Research expenditures at the University of California, Merced, increased by more than 9 percent in the 2012-13 fiscal year, to a record $17.3 million, according to data released today by the university’s Office of Business and Financial Services.
The expenditures supported faculty research into a wide range of issues vital to the San Joaquin Valley, the state and society as a whole. Cutting-edge research is a hallmark of the University of California, which conducts more research than any other university system in the world, and has been a major component of UC Merced’s mission since its founding in 2002.
Cumulative research expenditures since 2003 now total more than $103.5 million, the university reported.

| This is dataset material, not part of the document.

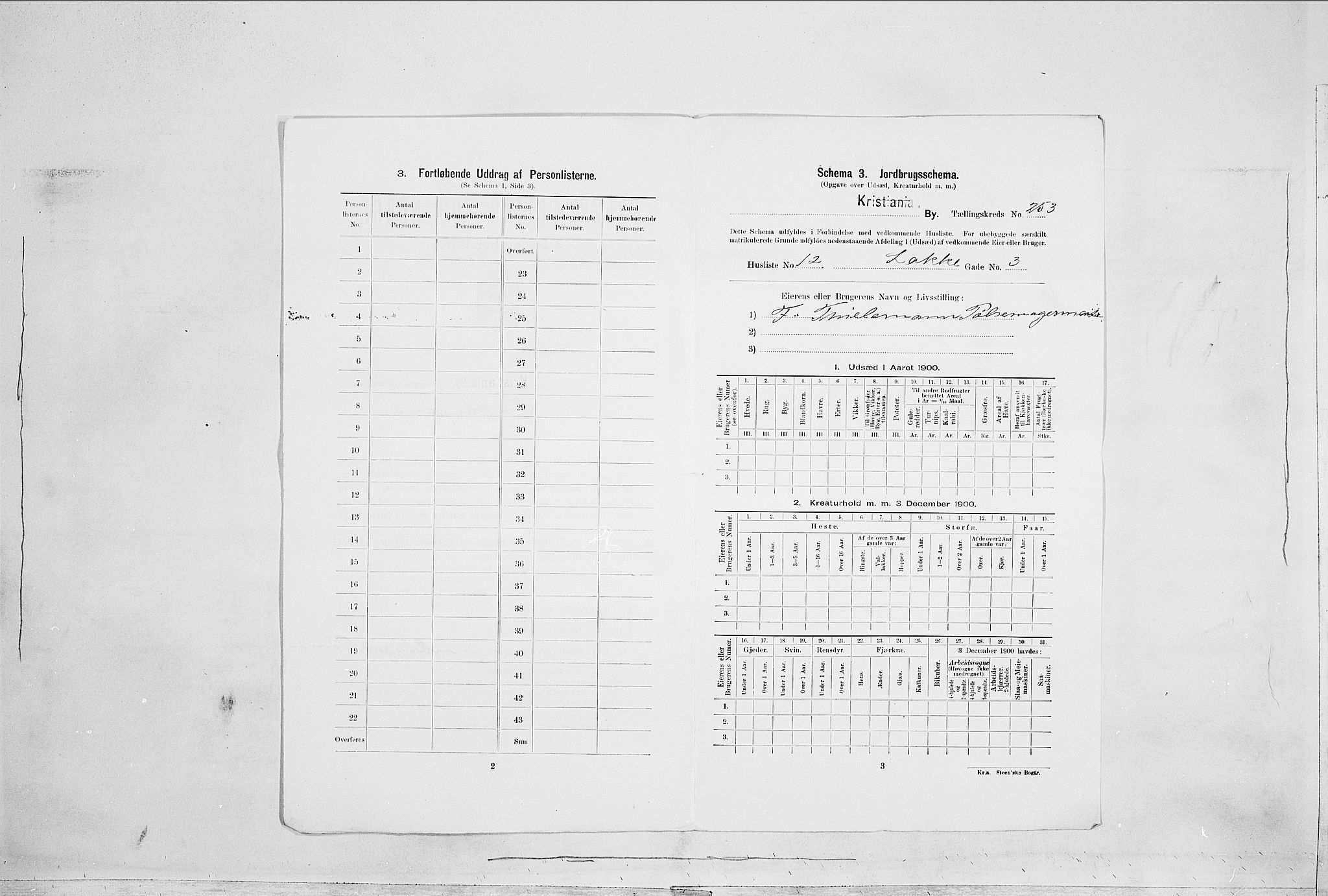 SAO, Folketelling 1900 for 0301 Kristiania kjøpstad, 1900, s. 50225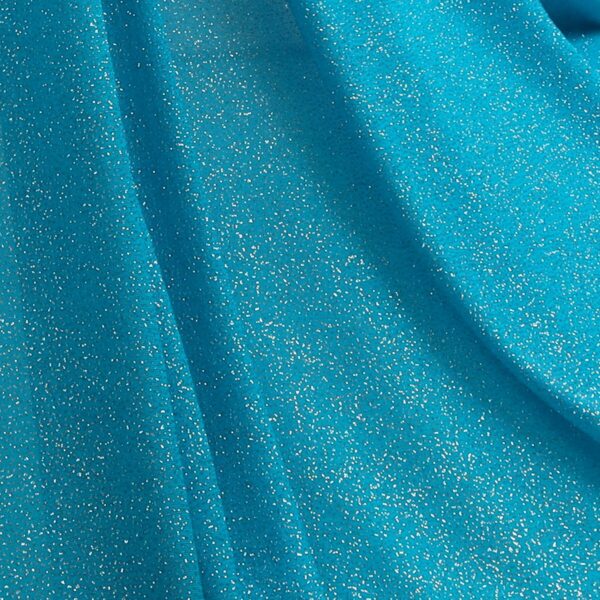 Tessuto Mesh (Tulle) Bielastico Glitter Polvere di Stelle - al Metro - Turchese Glitter Argento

“UC Merced is rapidly emerging as an important new source of discovery and learning on issues that matter greatly to the region and the state, and that often have global reach,” UC Merced Vice Chancellor for Research Sam Traina said. “Last year’s healthy increase in expenditures is one of the best measures of UC Merced’s growing contribution – both in terms of dollars circulating throughout the economy as well as in long-term societal benefits.”
Research funds come primarily in the form of grants from federal and state agencies or from private donors. They are used to purchase equipment, supplies and services and as aid to graduate students who conduct much of the research under faculty direction.
In the 2012-13 fiscal year, which ended June 30, extramural funding to UC Merced, including faculty research and training awards, totaled more than $13.7 million. Among the specific awards were:
- a $1.4 million grant over five years from the National Science Foundation for a team of researchers to study the effects of climate change on marine life;
- a $192,000, two-year grant from Amylin Pharmaceuticals LLC, a subsidiary of Bristol-Myers Squibb Co., to Professor Rudy Ortiz for diabetes research;
- a $1.5 million, three-year grant from the National Science Foundation to UC Merced’s Sierra Nevada Research Institute to examine the effects of climate change on snow melt in the Sierras and the resulting water flow in the San Joaquin River.
Professor Alberto Cerpa was awarded a five-year, $550,000 CAREER Award by the National Science Foundation to recognize and sustain his work in the field of wireless sensor networks.
Total research and training awards since the university’s founding now total more than $131 million, the university reported.
“Engaging students at all levels in multi-disciplinary research creates a deeper understanding of the knowledge they are acquiring and its application in the real world,” Traina said. “In that sense, our research mission greatly enriches the learning experience for our students while pushing the envelope of discovery and innovation. That’s a very compelling combination – one that puts UC Merced squarely on track to become the world’s next great research university.”